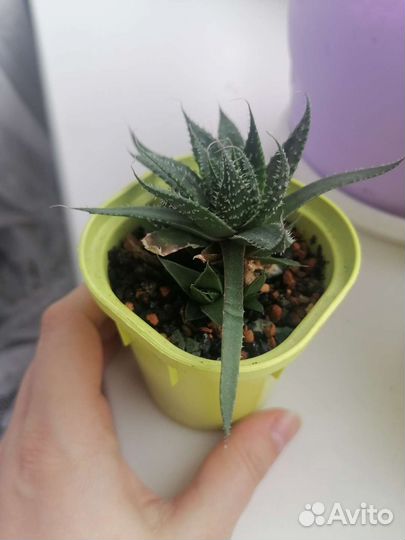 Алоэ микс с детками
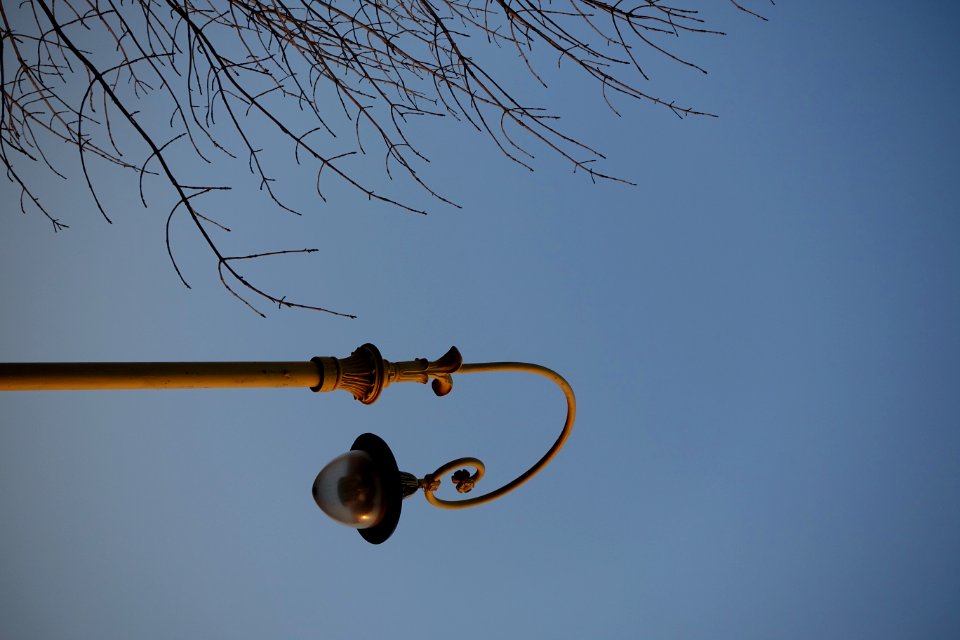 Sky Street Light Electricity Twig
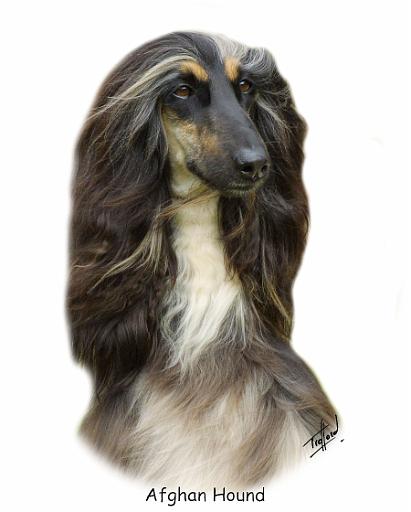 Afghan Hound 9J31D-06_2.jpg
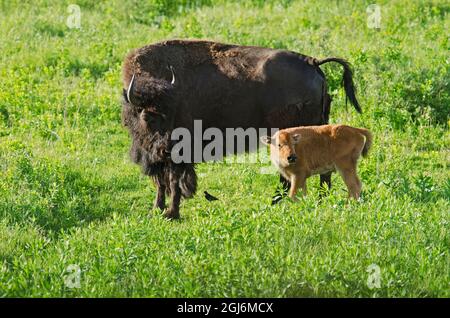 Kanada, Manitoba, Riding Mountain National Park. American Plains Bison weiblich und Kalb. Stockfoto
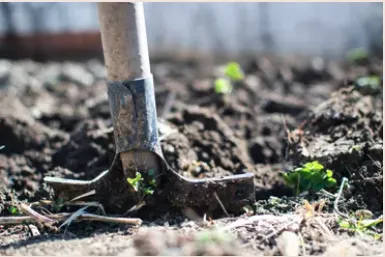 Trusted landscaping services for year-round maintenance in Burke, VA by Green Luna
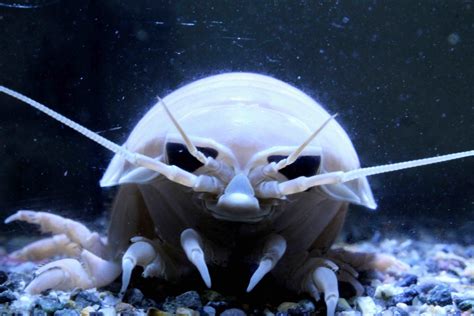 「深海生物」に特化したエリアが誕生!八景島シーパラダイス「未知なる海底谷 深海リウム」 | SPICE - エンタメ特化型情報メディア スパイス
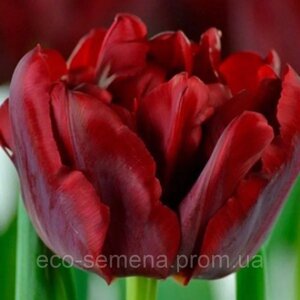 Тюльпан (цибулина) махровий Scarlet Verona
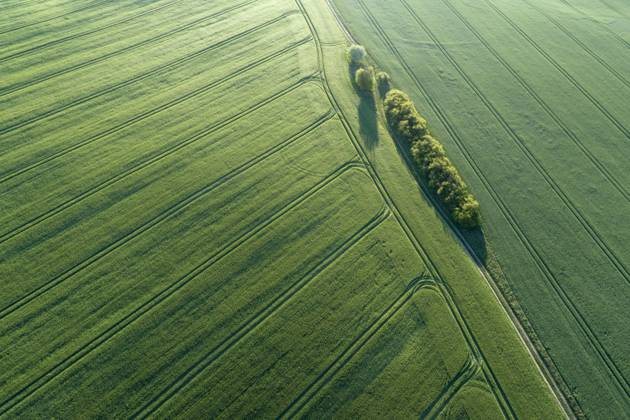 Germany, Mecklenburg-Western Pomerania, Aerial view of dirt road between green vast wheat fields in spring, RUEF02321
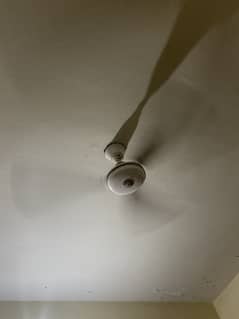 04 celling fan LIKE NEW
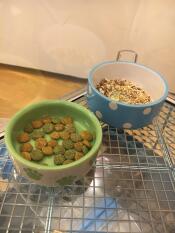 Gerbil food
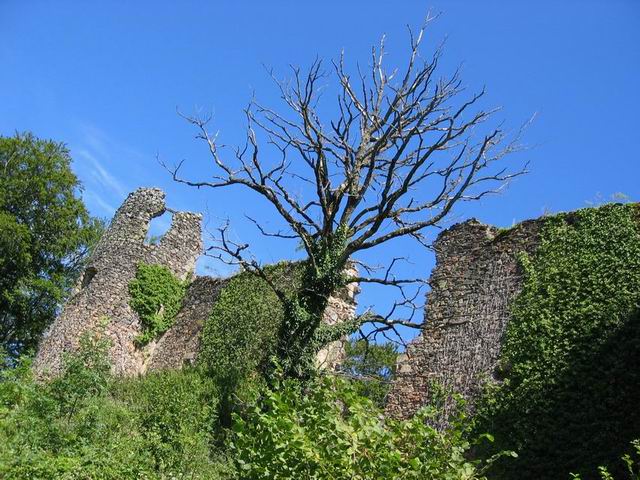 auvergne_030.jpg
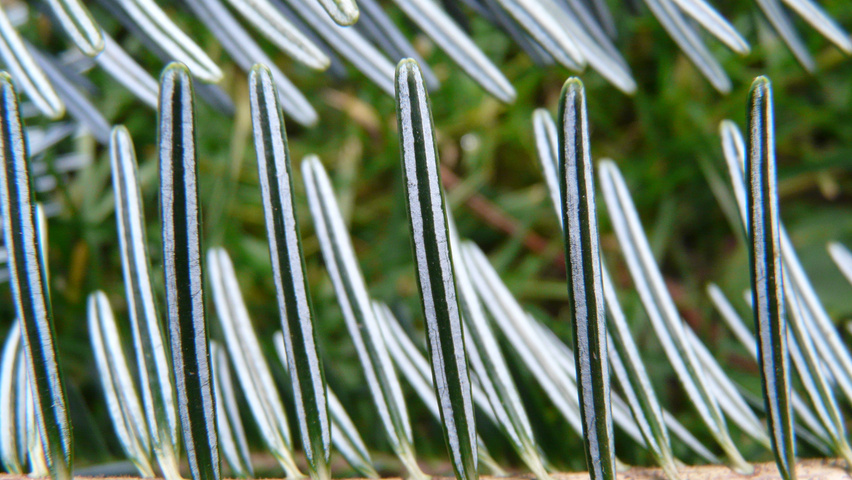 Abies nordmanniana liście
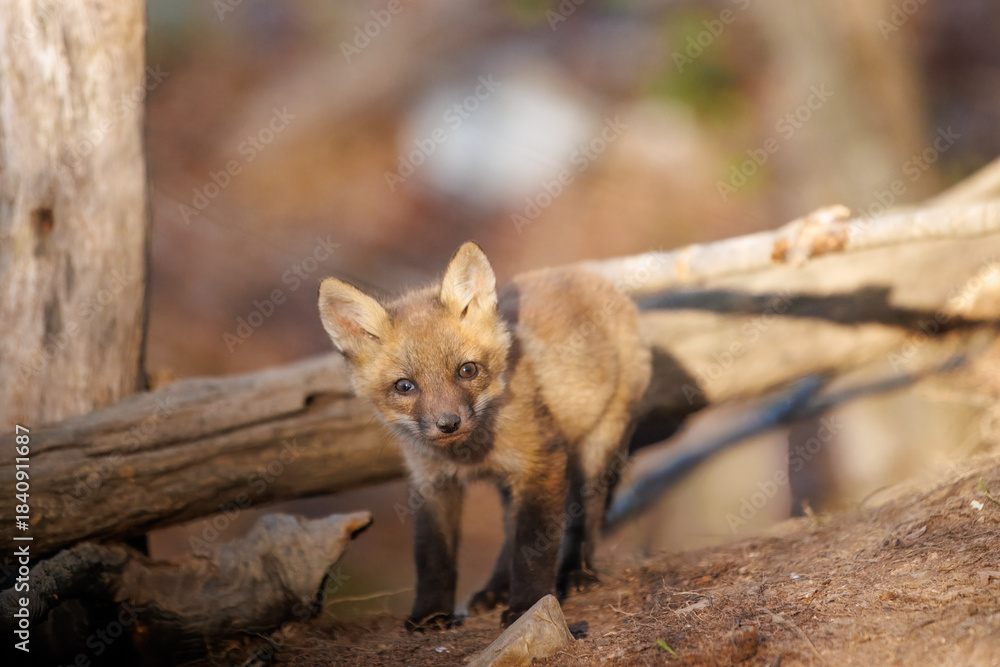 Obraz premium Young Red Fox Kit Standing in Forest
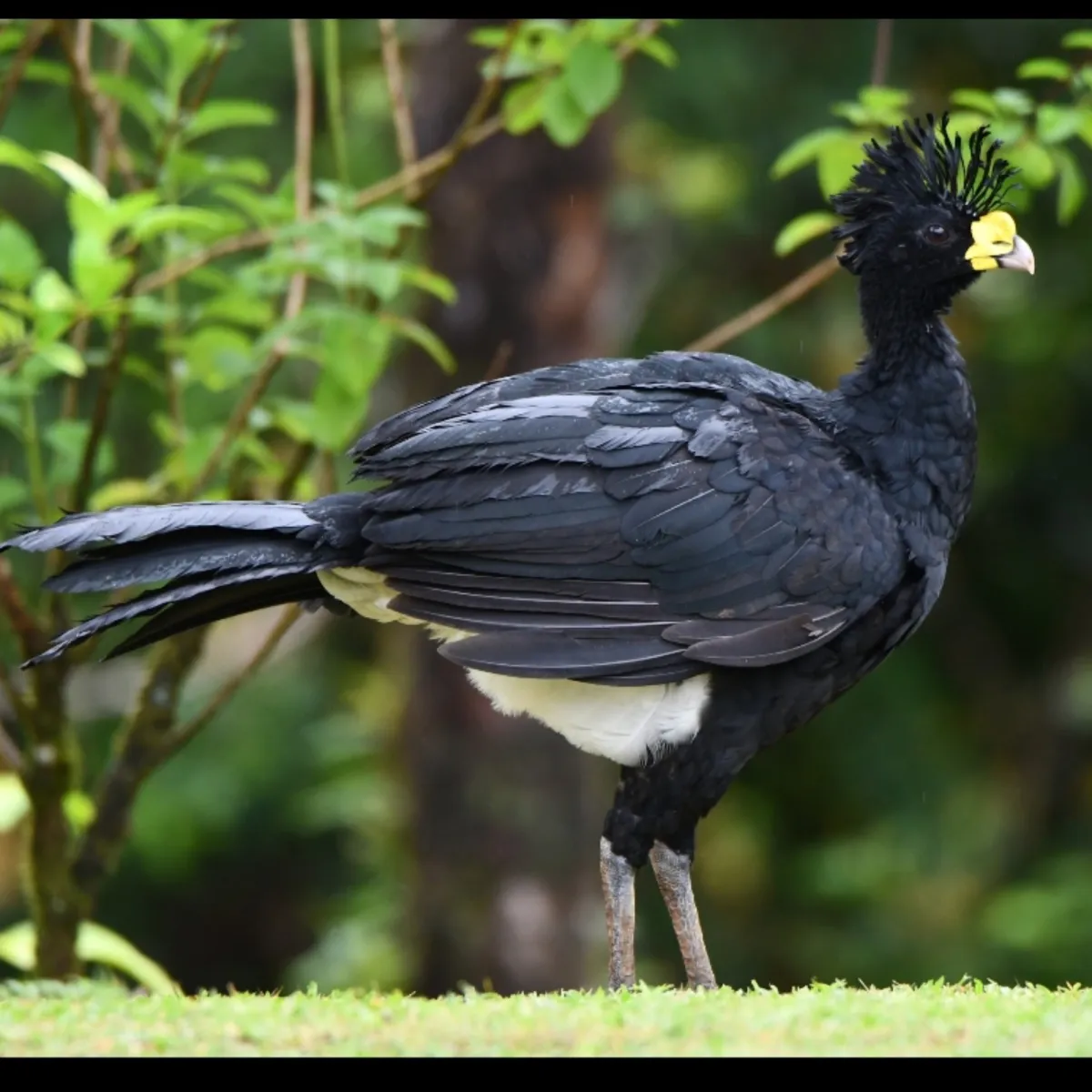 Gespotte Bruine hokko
##########
Every record gets retyped exactly; no picture goes into the copy.

 Алоэ микс с детками
 Sky Street Light Electricity Twig
 Afghan Hound 9J31D-06_2.jpg
 Kanada, Manitoba, Riding Mountain National Park. American Plains Bison weiblich und Kalb. Stockfoto
 Trusted landscaping services for year-round maintenance in Burke, VA by Green Luna
 「深海生物」に特化したエリアが誕生!八景島シーパラダイス「未知なる海底谷 深海リウム」 | SPICE - エンタメ特化型情報メディア スパイス
 Тюльпан (цибулина) махровий Scarlet Verona
 Germany, Mecklenburg-Western Pomerania, Aerial view of dirt road between green vast wheat fields in spring, RUEF02321
 04 celling fan LIKE NEW
 Gerbil food
 auvergne_030.jpg
 Abies nordmanniana liście
 Obraz premium Young Red Fox Kit Standing in Forest
 Gespotte Bruine hokko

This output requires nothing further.